In the Senate, Majority Leader Harry M. Reid (D-Nev.) announced that the chamber would not recess until Congress passes a deal to raise the country’s $14.3 trillion borrowing limit.
“The Senate has no more important task than making sure the United States does not fail to pay our bills for pre-existing obligations like Social Security for the first time in our history,” Reid said in a statement Monday afternoon. “To ensure that we meet this responsibility, the Senate will stay in session every day, including Saturdays and Sundays, from now until Congress passes legislation that prevents the United States from defaulting on our obligations.”
Reid’s move came as negotiations over the debt ceiling entered their final two weeks. The White House has said that leaders must agree on a deal by Friday to give both chambers time to move the legislation before an Aug. 2 deadline, when it says the government would begin to default on its debt obligations.
Reid and Senate Minority Leader Mitch McConnell(R-Ky.) have been making progress on a deal that would allow the debt ceiling to be raised in return for about $1.5 trillion in spending cuts over 10 years. The plan would also call for the formation of a bipartisan 12-member committee to identify additional deficit savings by the end of the year. Leaders in both chambers have not shut the door to such a deal, although rank-and-file Republicans have signaled strong opposition.

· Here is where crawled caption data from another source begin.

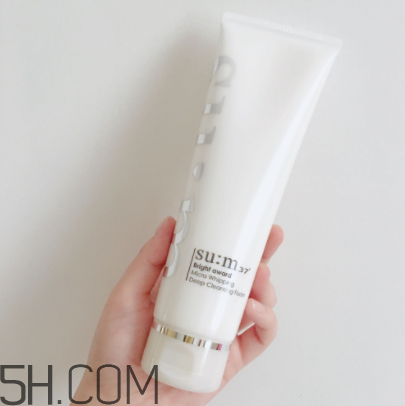 sum37洗面奶,sum37清洁面膜怎么用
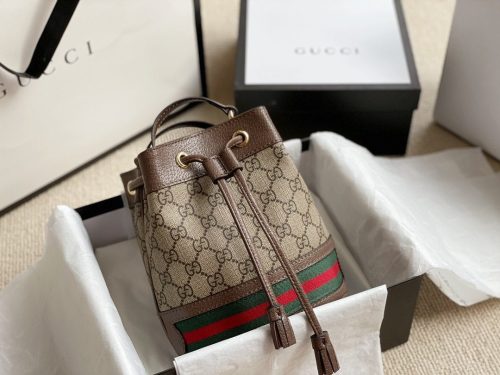 Gucci Ophidia GG mini bucket bag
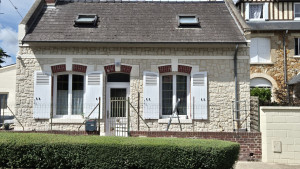 Photo de galerie - Pose parement orsol .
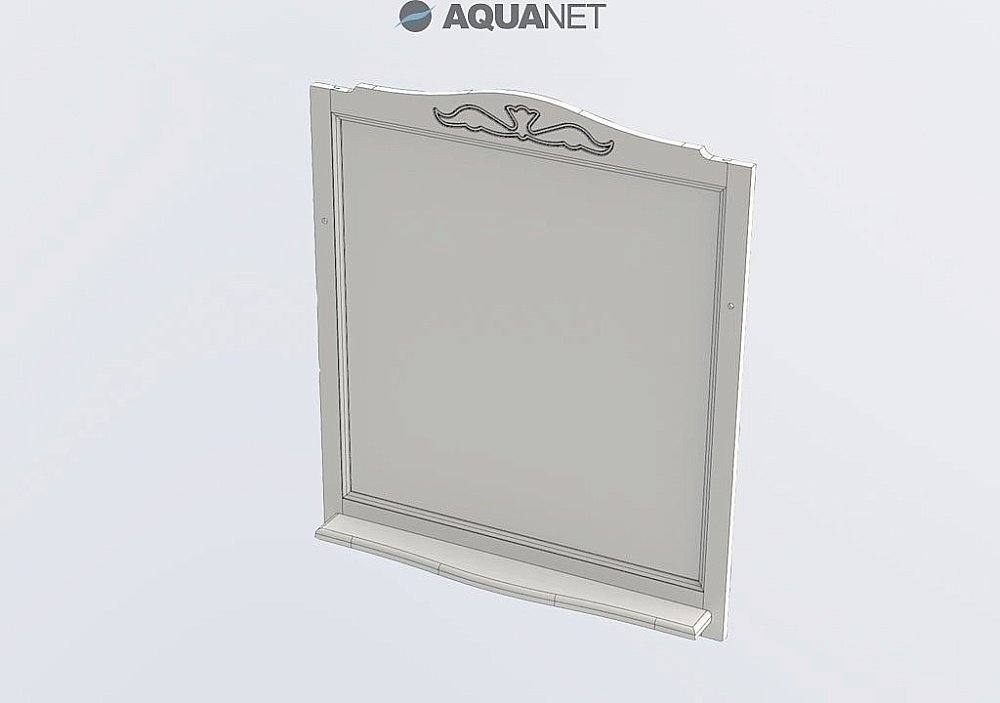 Зеркало Aquanet Амелия 90 в ванную от интернет-магазине сантехники Sanbest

In announcing President Obama’s threat to veto the House GOP’s “Cut, Cap and Balance Act of 2011,” the White House said it would set up a “false and unacceptable choice” between failing to lift the nation’s borrowing limit by Aug. 2, resulting in the country’s first default, or passing a balanced-budget amendment that would require draconian spending cuts in Medicare, Social Security and other federal programs in future years.
“Neither setting arbitrary spending levels nor amending the Constitution is necessary to restore fiscal responsibility,” the Office of Management and Budget said in a statement. “Increasing the federal debt limit, which is needed to avoid a federal government default on its obligations and a severe blow to the economy, should not be conditioned on taking these actions.”
The statement added: “Instead of pursuing an empty political statement and unrealistic policy goals, it is necessary to move beyond politics as usual and find bipartisan common ground.”
In a subsequent Rose Garden speech announcing his nominee to head the Consumer Financial Protection Bureau, Obama drove home that point. “We can’t let politics stand in the way of doing the right thing in Washington,” he said. “We can’t stand in the way when it comes to doing the right thing on deficits.”